Ese será el peor de todos lo crímenes, recordar que hubo un tiempo en el que fuimos capaces de soñar y construir con ese material edificios hermosos, con piedras cargadas de razón y lógica»
No nos van a dejar ejercer el derecho al pataleo, porque todo serán aplausos orquestados con puntualidad germánica al dictado del Gobierno, ni tampoco cantar canciones injuriosas contra la autoridad competente. La poderosa plancha social nos dejará a todos con la raya del pantalón ideológico perfecta, rectilínea e indiscutible. La arruga ya no será bella y la memoria estará condenada al ostracismo social. Ese será el peor de todos lo crímenes, recordar que hubo un tiempo en el que fuimos capaces de soñar y construir con ese material edificios hermosos, con piedras cargadas de razón y lógica.
En esos museos que intuimos desinfectados, pulcros, ordenados e insípidos solo tendrá sitio lo que el poder decida qué es digno de ser visto por el ordenado pueblo que, en fila india, desfilará con un chip en la nuca programado para la exclamación admirativa y el gesto reverente. No tendremos siquiera un memento mori, una simple placa que diga “Aquí se creyó que la libertad, aunque sea caótica, siempre es preferible al orden que se fundamenta en un sola manera de pensar”.
Nuestra generación ni siquiera podrá calificarse como perdida, porque será inencontrable»
Serán museos a là soviètique, con frío helador en la estética y rigidez de mandíbula de los cicerones. Y a nosotros, librepensadores decadentes, anarquistas pacíficos, liberales de corazón y de sentimientos, no nos permitirán siquiera la postrer venganza de que nos vean los niños para demostrar cuan primitivos, fascistas e insolidarios éramos. Nuestro destino, si Dios no lo remedia, es el almacén de los trastos viejos, entre mesas rotas alrededor de las que compartimos café y discusión y pilas de libros que nadie quiere leer, porque es mejor embrutecerse con telebasura servida hasta nuestro propio teléfono móvil.
Como seremos invisibles, nadie nos echará de menos. Nuestra generación ni siquiera podrá calificarse como perdida, porque será inencontrable. En una sociedad esterilizada, pasteurizada, sin más pasión que la del poder por el poder ni otra ideología que no sea la de uncir al yugo de la mentira autocrática a la gente no hacemos puñetera la falta.

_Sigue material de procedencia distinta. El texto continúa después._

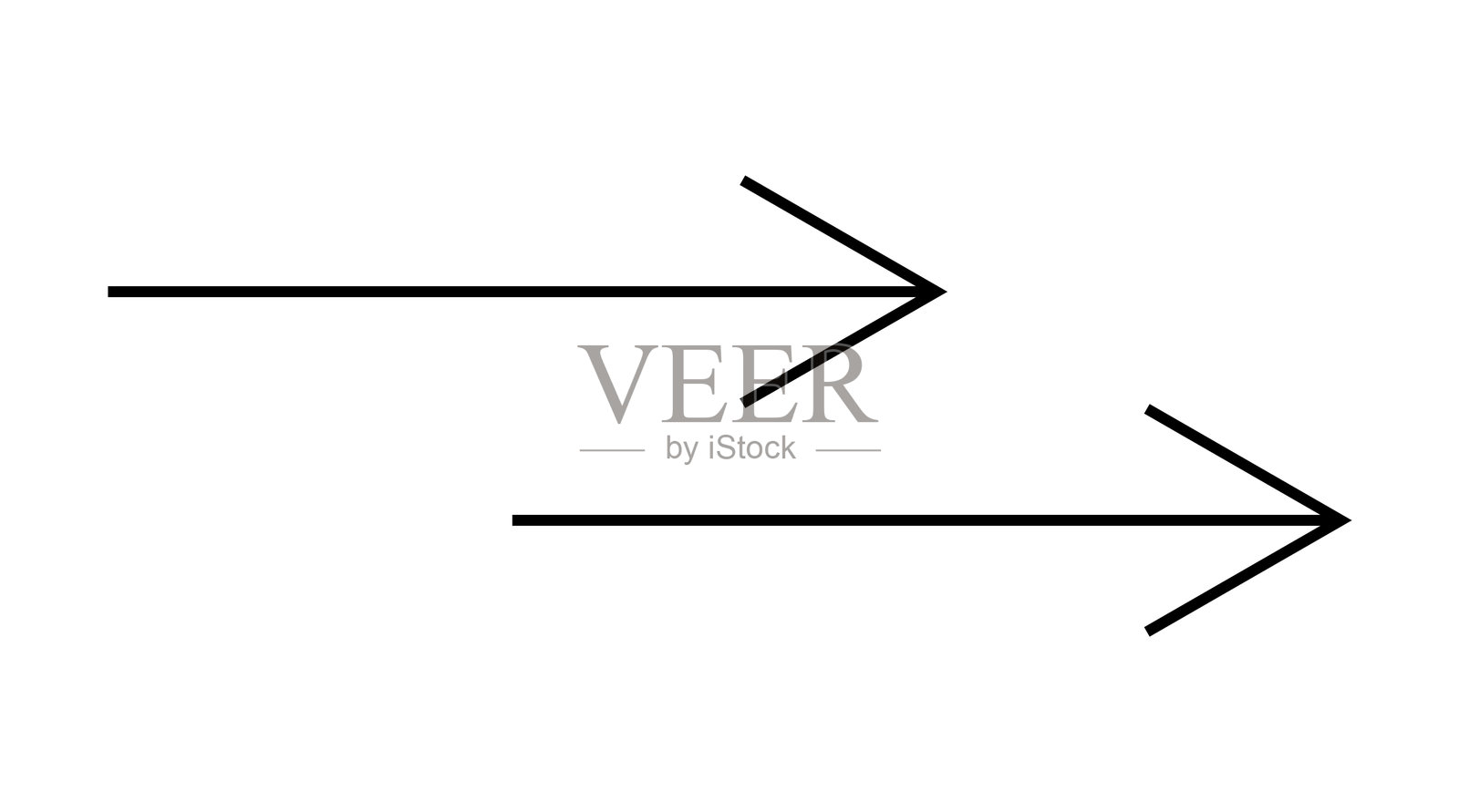 两个简单的黑色箭头指向右侧,背景为白色插画图片素材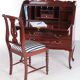 English Mahogany Desk Queen Anne Style, 1970s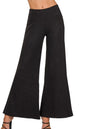 Black Zenana wide-leg flare sweater pants by Trendsi, shown with a relaxed fit and ribbed waistband.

Y ahora, padres y madres de la patria, continúen jugando a esa política que nunca lleva a ninguna parte que no sean sus escaños. Qué más da si la honradez, el deber, el honor, la risa, el talento, la creatividad, el humanismo, la empatía, la vida, en suma, acaba disecada en una sala con olor a humedad en el museo de la Nueva Normalidad. Mientras que no les quiten el sueldo, todo irá bien. ¿No?